I also heard a radio program from Christian Pinto where he talked about Bruce Metzger being more of a critic against the inspiration of scripture than what I had always believed about him. If so I can kind of see where Erhmann gets his rants from. Is this true about Metzger? They said he did a lot of textual work for the Catholics including work on extrabiblical texts.


----------



## Jerusalem Blade (Aug 1, 2013)

*Higher/Textual criticism*

Brian,

I will try to explain the difference. Please note that I am answering from a minority school within the Reformed community, that of the King James _priority_ school (which is _not_ King James _only_,which sometimes seeks to delegitimize others’ modern Bibles).

I think the simplest way to do this is to quote from Harvard text critic, E. F. Hills, in his book, _The King James Version Defended_, a classic in the field. The “higher criticism” of the Bible would be represented in these quotes by what he calls the “unbelieving” or “naturalistic” approach. This view would treat the Bible by critical methods used on other ancient literature, and does not take into account a _strict_ view of God’s providential preservation of His word. He also takes the view that much of believing (including Reformed) textual criticism has been infected by the naturalistic methodology, thus contributing to the mess discerning what is God’s true word in this 21[SUP]st[/SUP] century.

Dr. Hills:
Has the text of the New Testament, like those of other ancient books, been damaged during its voyage over the seas of time? Ought the same methods of textual criticism to be applied to it that are applied to the texts of other ancient books? These are questions which the following pages will endeavor to answer. An earnest effort will be made to convince the Christian reader that this is a matter to which he _must_ attend. For in the realm of New Testament textual criticism as well as in other fields the presuppositions of modern thought are hostile to the historic Christian faith and will destroy it if their fatal operation is not checked. If faithful Christians, therefore, would defend their sacred religion against this danger, they must forsake the foundations of unbelieving thought and build upon their faith, a faith that rests entirely on the solid rock of holy Scripture. And when they do this in the sphere of New Testament textual criticism, they will find themselves led back step by step (perhaps, at first, against their wills) to the text of the Protestant Reformation, namely, that form of New Testament text which underlies the King James Version and the other early Protestant translations. (Hills, _KJVD_, Introduction, page 1 – see here for downloads)​ 

And then on page three – still in the Introduction, Hills says,*
Two Methods Of New Testament Textual Criticism*

The New Testament textual criticism of the man who believes the doctrines of the divine inspiration and providential preservation of the Scriptures to be true ought to differ from that of the man who does not so believe. The man who regards these doctrines as merely the mistaken beliefs of the Christian Church is consistent if he gives them only a minor place in his treatment of the New Testament text, a place so minor as to leave his New Testament textual criticism essentially the same as that of any other ancient book. But the man who holds these doctrines to be true is inconsistent unless he gives them a prominent place in _his _treatment of the New Testament text, a place so prominent as to make his New Testament textual criticism _different _from that of other ancient books, for if these doctrines are true, they demand such a place.
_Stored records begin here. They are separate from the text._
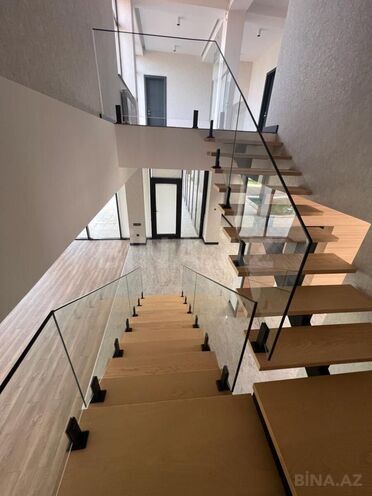 Продаётся 6-комн. дом/дача 255 м², пос. Мардакан, photo 11 from 20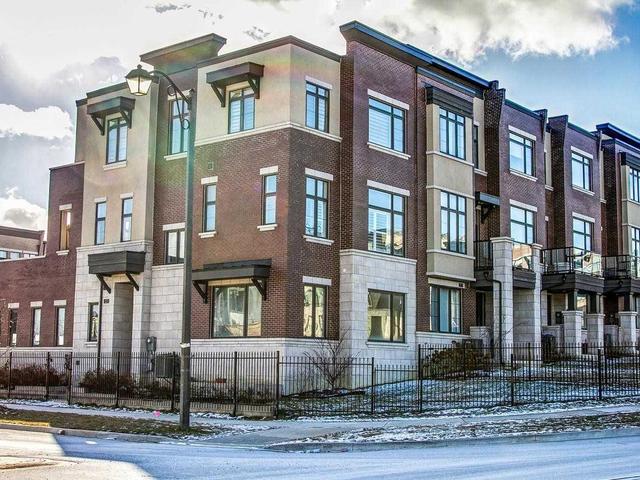 120 Crimson Forest Dr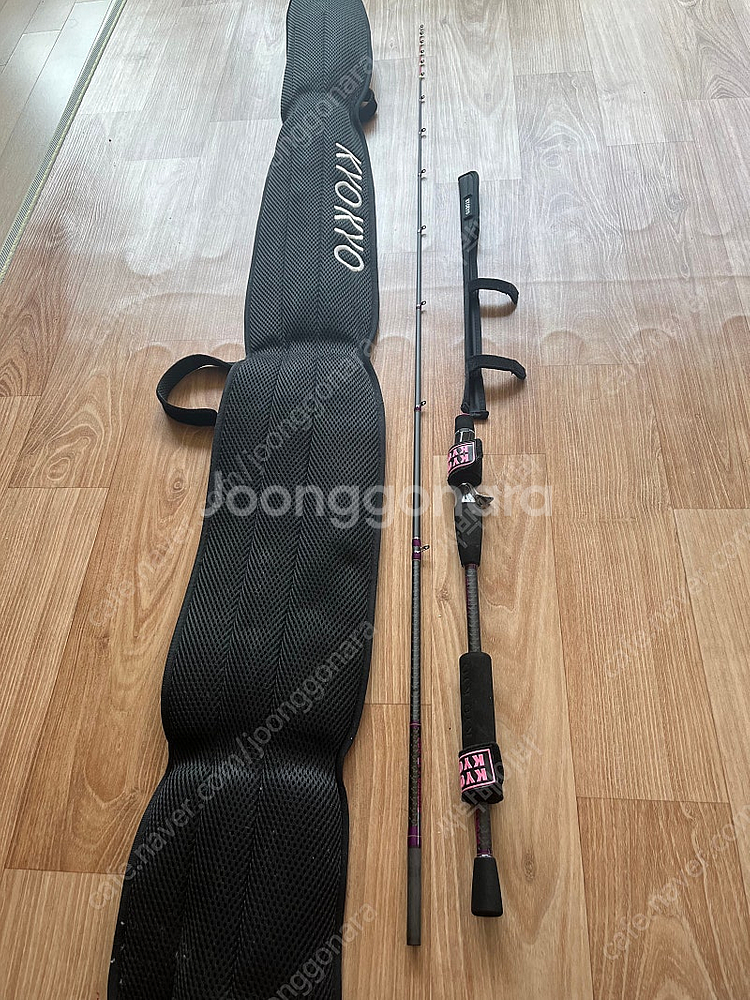 쿄쿄제이 TB 552--0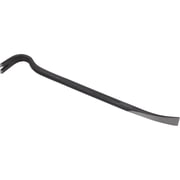 Roughneck 24in. Gorilla Pry Bar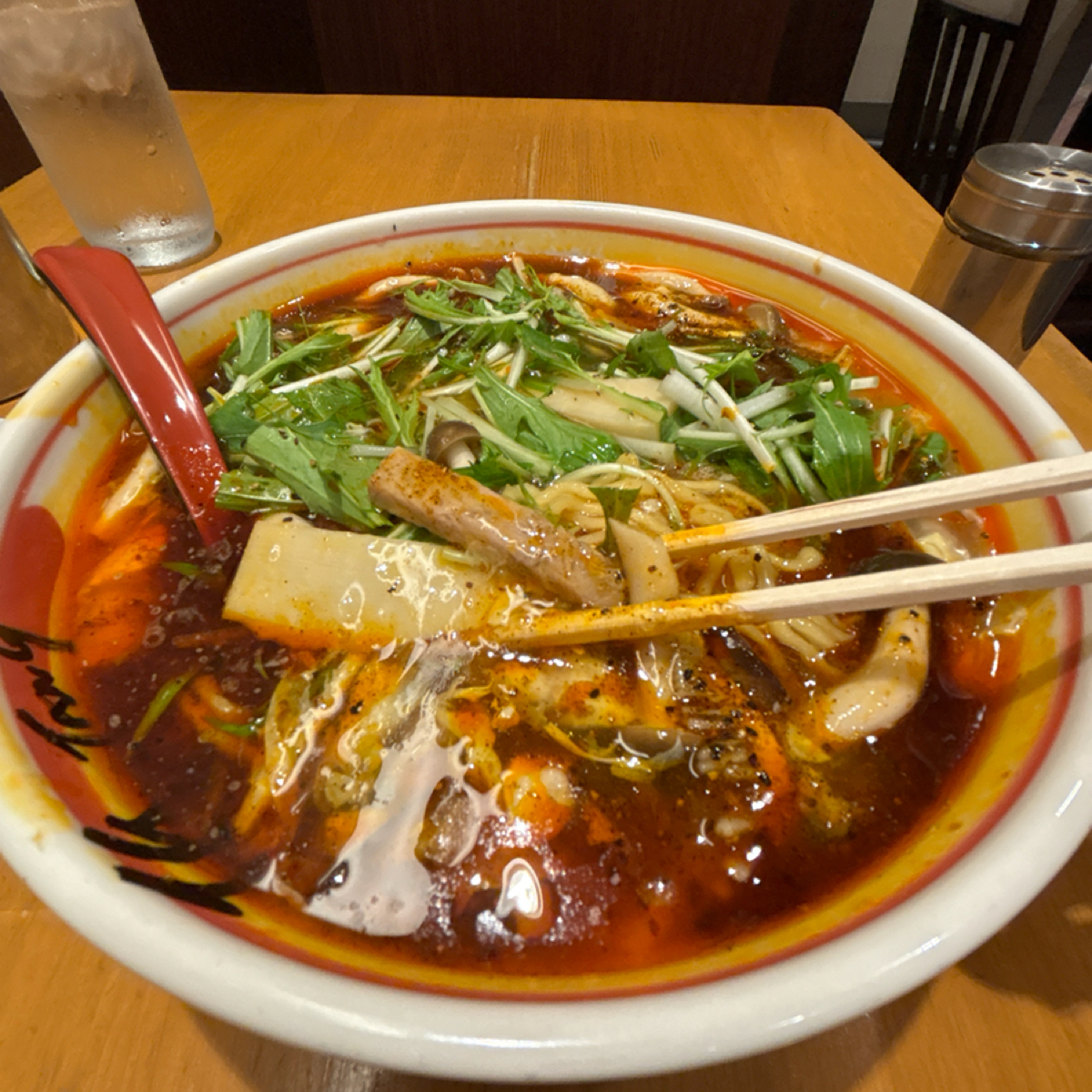 Meal image of 匠 Jang:  shot by 秋桑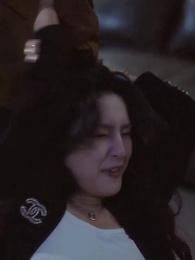 21화 - 그 남자의 달콤한 함정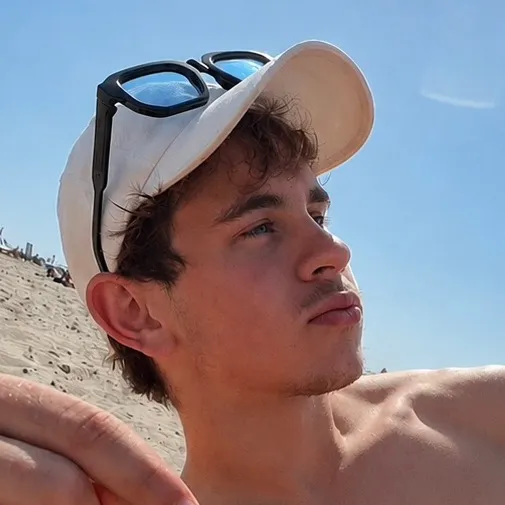 cianbrederoo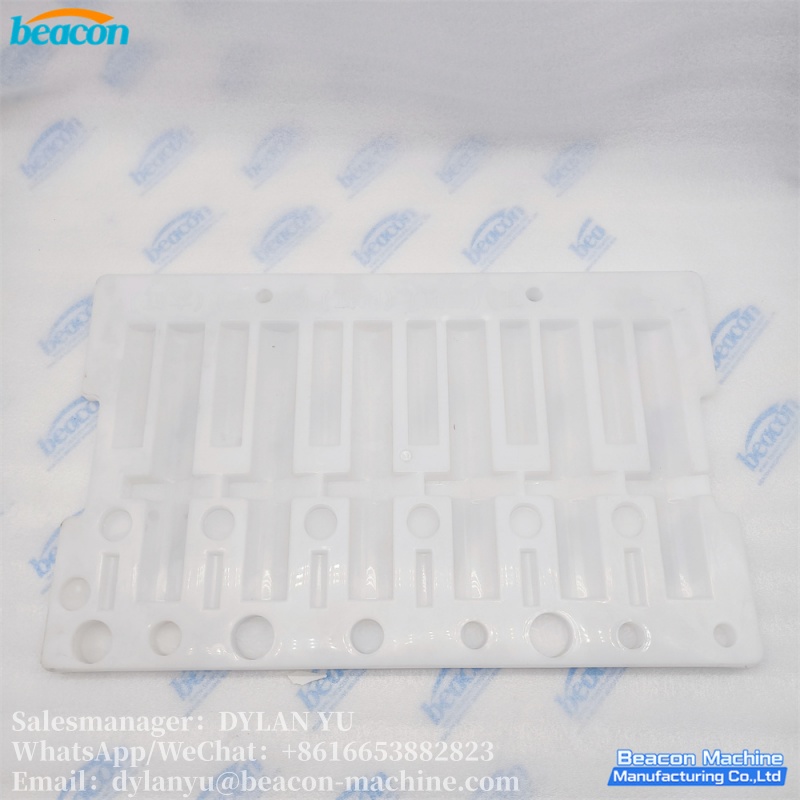 G15-36 Plastic Pallet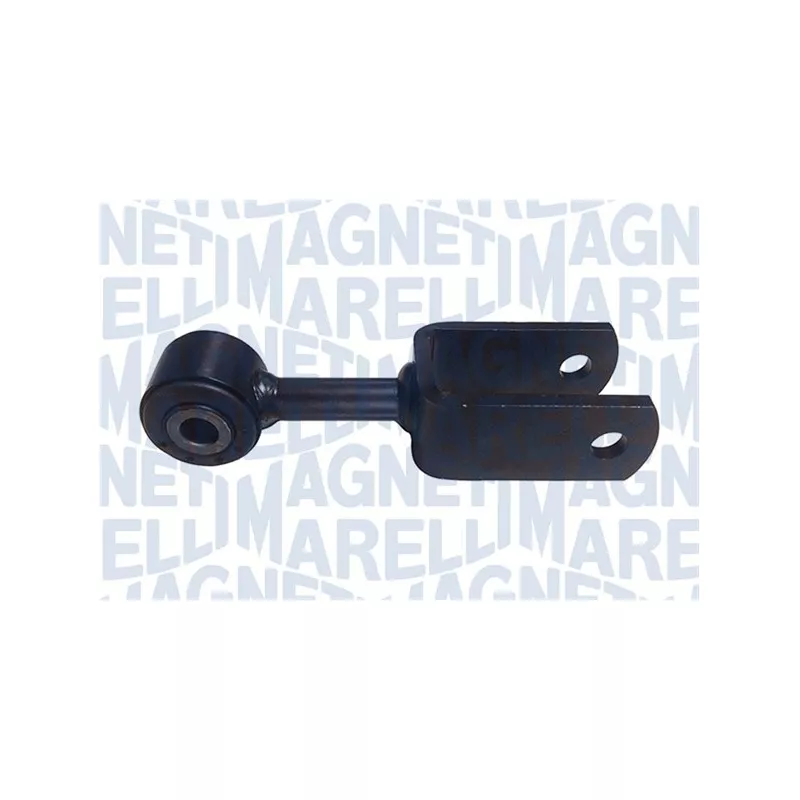 Entretoise/tige, stabilisateur MAGNETI MARELLI 301191623460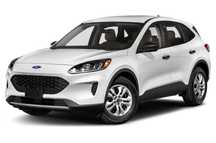 Розборка | FORD ESCAPE | Форд Ескейп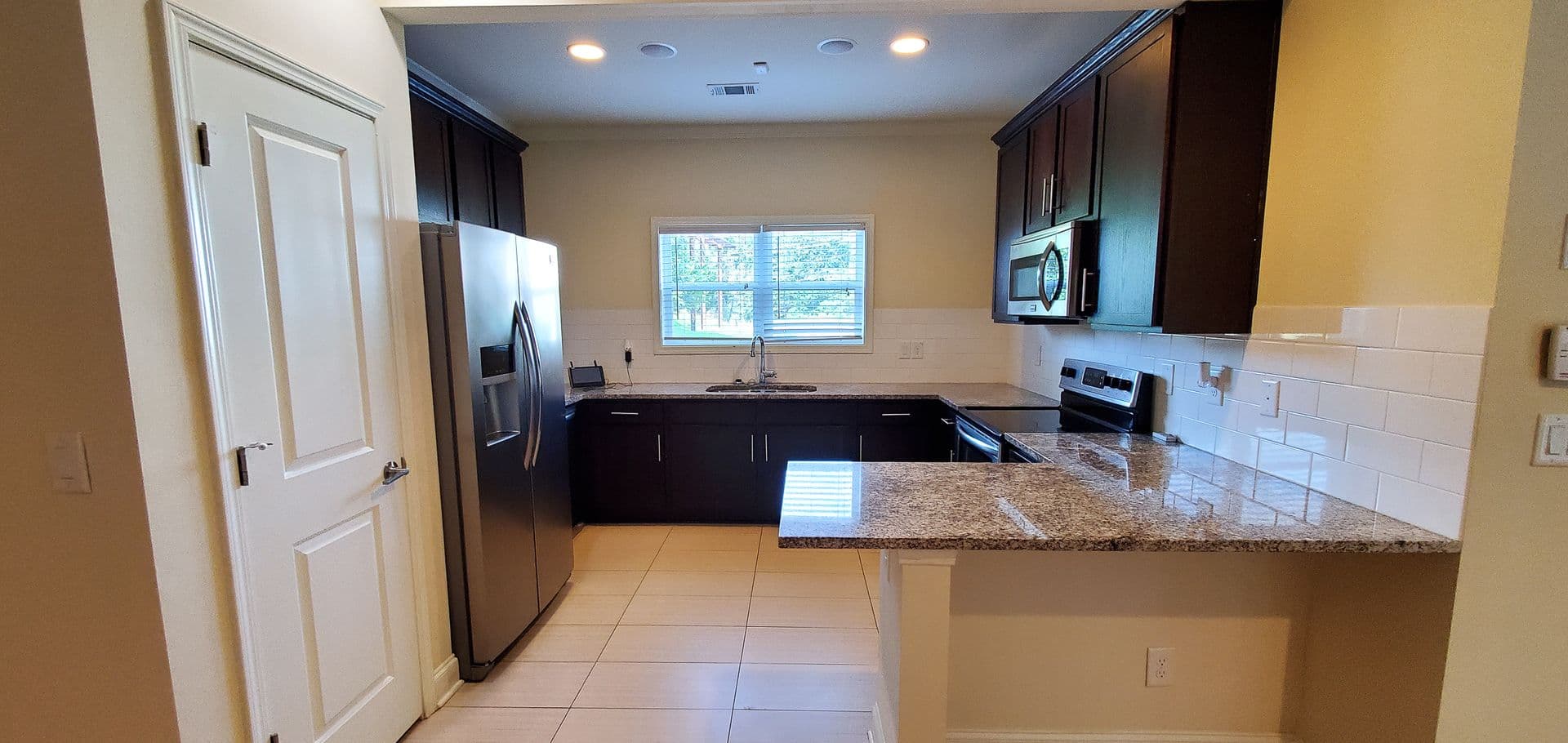 Athens House: 424 Georgia Dr
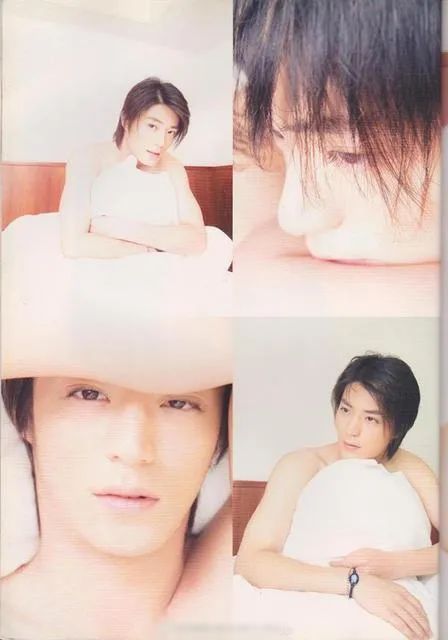 陈柏霖最新视频,陈柏霖最难得的一个视频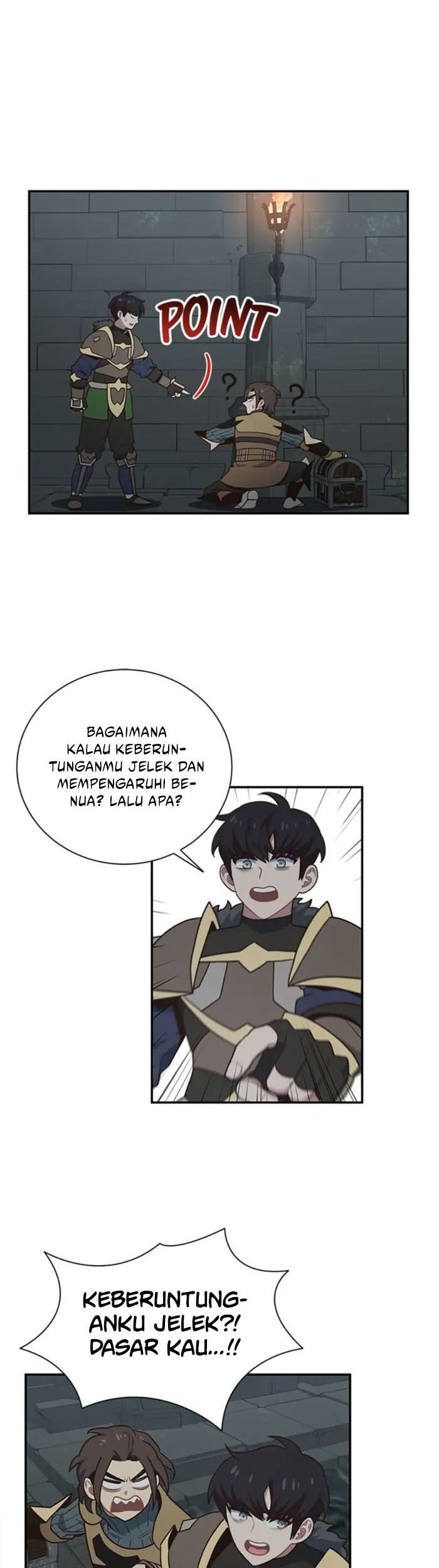 Halaman 142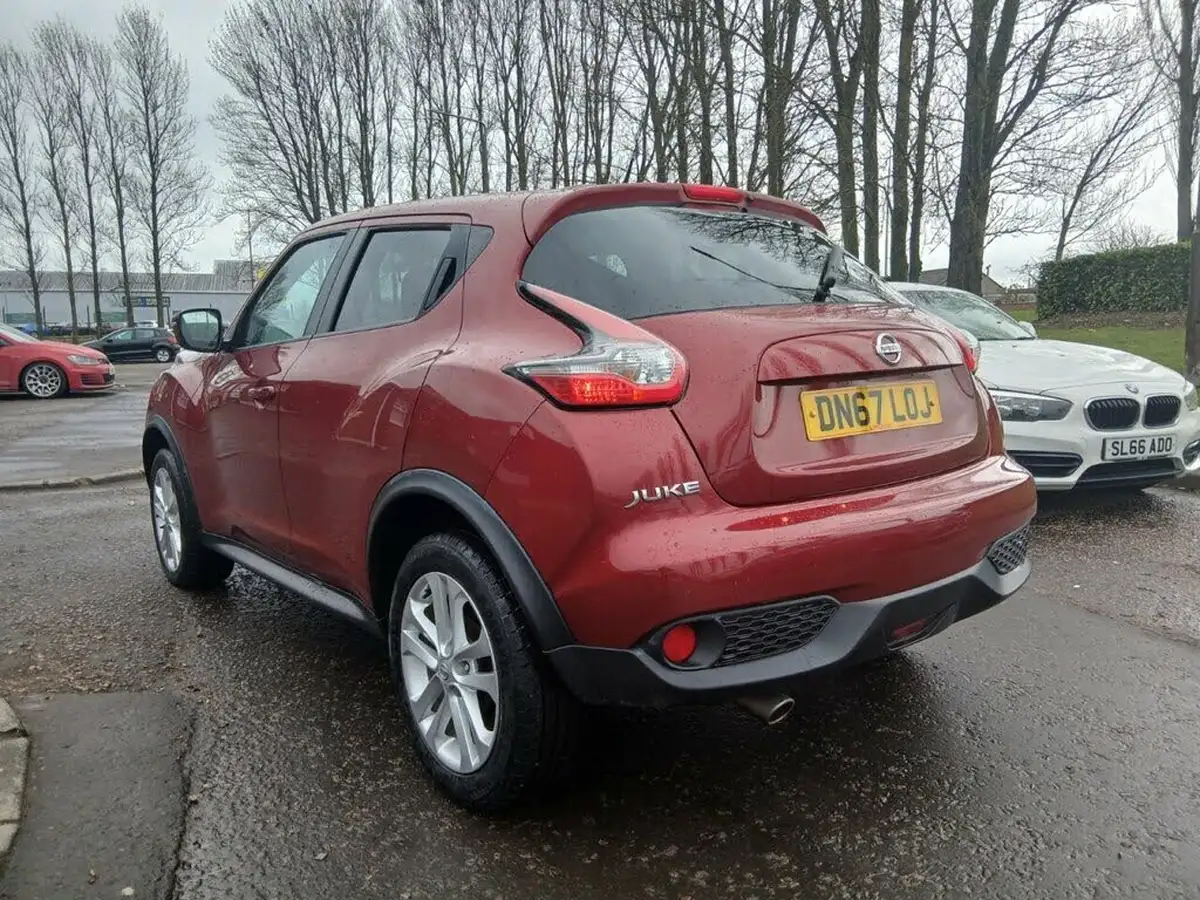 2017-nissan-juke-15dci-n-connecta-ss-big-4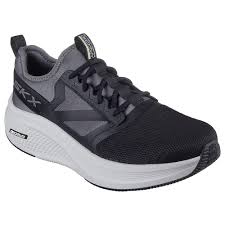 Skechers Performance 220850 Mens Shoes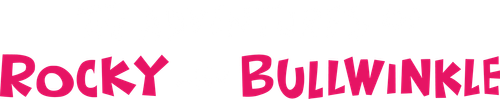 The Bullwinkle Show
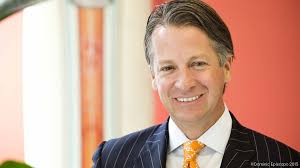 How leaders can shape the future of their workplaces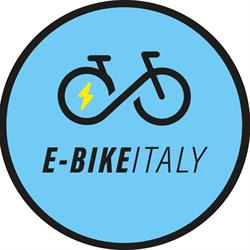 E-bikeitaly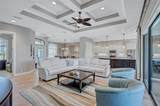 110 167TH Boulevard - Photo 14
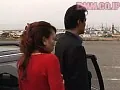 FANZAが提供している人妻処刑人 殺しとSEXと逃避行(139lpcs20203)のサンプル画像-16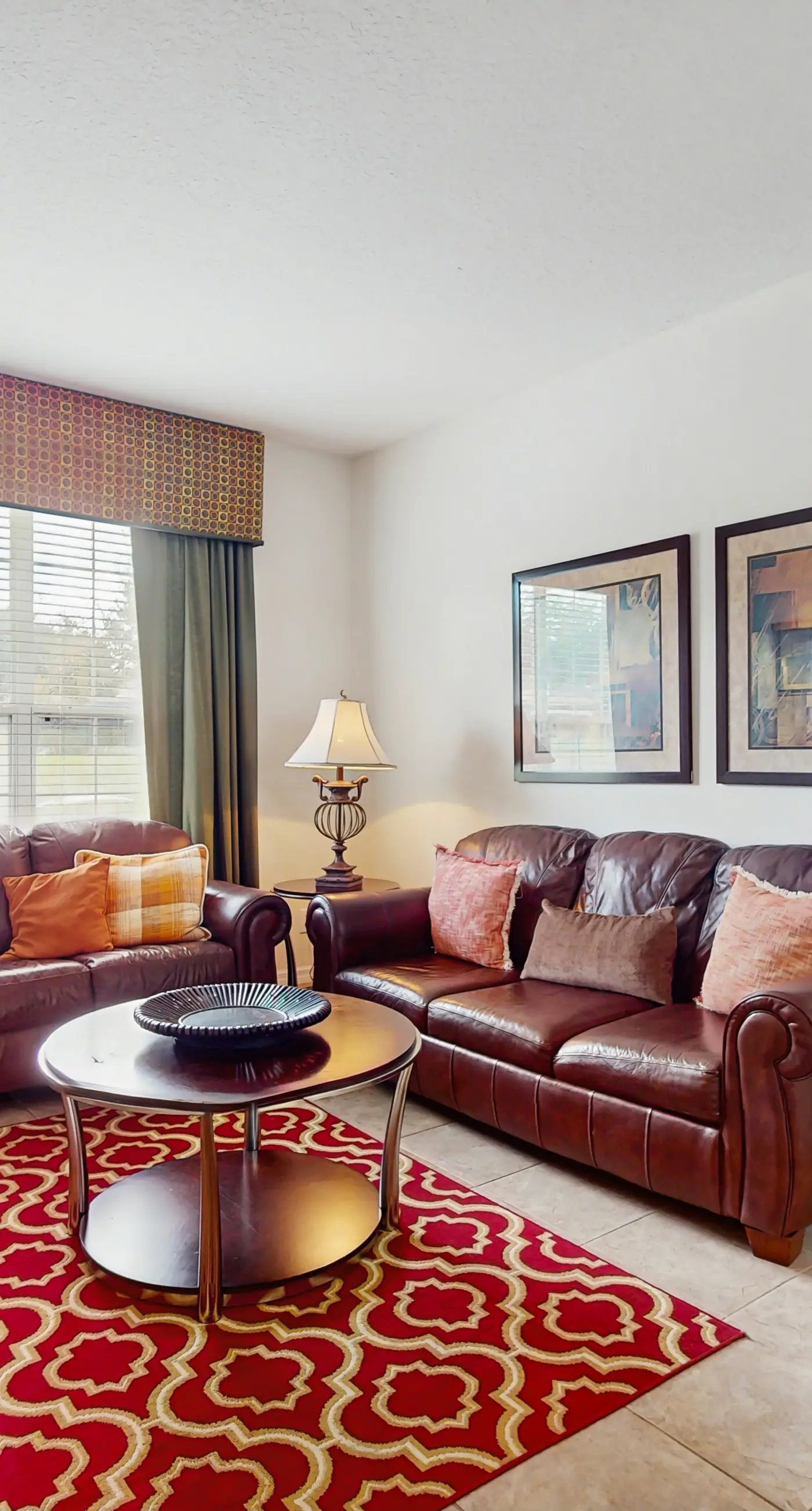 EMI108-8673-6-P - La Isla Paradise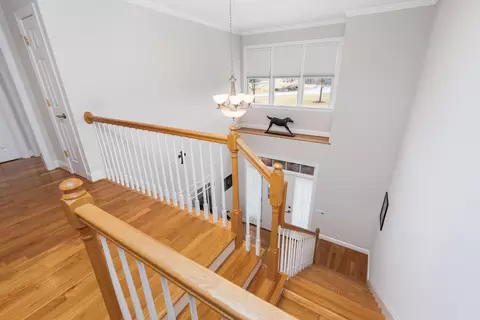 25 Ridgemore Dr, Raphine, VA 24472 photo 55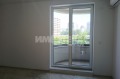 Продава 2-СТАЕН, град Варна, Трошево • 207000 € / 404856.81 лв. • 52274927 3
Thus there are two methods of New Testament textual criticism, the _consistently Christian _method and the _naturalistic _method. These two methods deal with the same materials, the same Greek manuscripts, and the same translations and biblical quotations, but they interpret these materials differently. The consistently Christian method interprets the materials of New Testament textual criticism in accordance with the doctrines of the divine inspiration and providential preservation of the Scriptures. The naturalistic method interprets these same materials in accordance with its own doctrine that the New Testament is nothing more than a human book.

Sad to say, modern Bible-believing scholars have taken very little interest in the concept of consistently Christian New Testament textual criticism. For more than a century most of them have been quite content to follow in this area the naturalistic methods of Tischendorf, Tregelles, and Westcott and Hort. And the result of this equivocation has been truly disastrous. Just as in Pharaoh's dream the thin cows ate up the fat cows, so the principles and procedures of naturalistic New Testament textual criticism have spread into every department of Christian thought and produced a spiritual famine. The purpose of this book, therefore, is to show that in the King James (Authorized) Version we still have the bread of life and in demonstrating this to defend the historic Christian faith.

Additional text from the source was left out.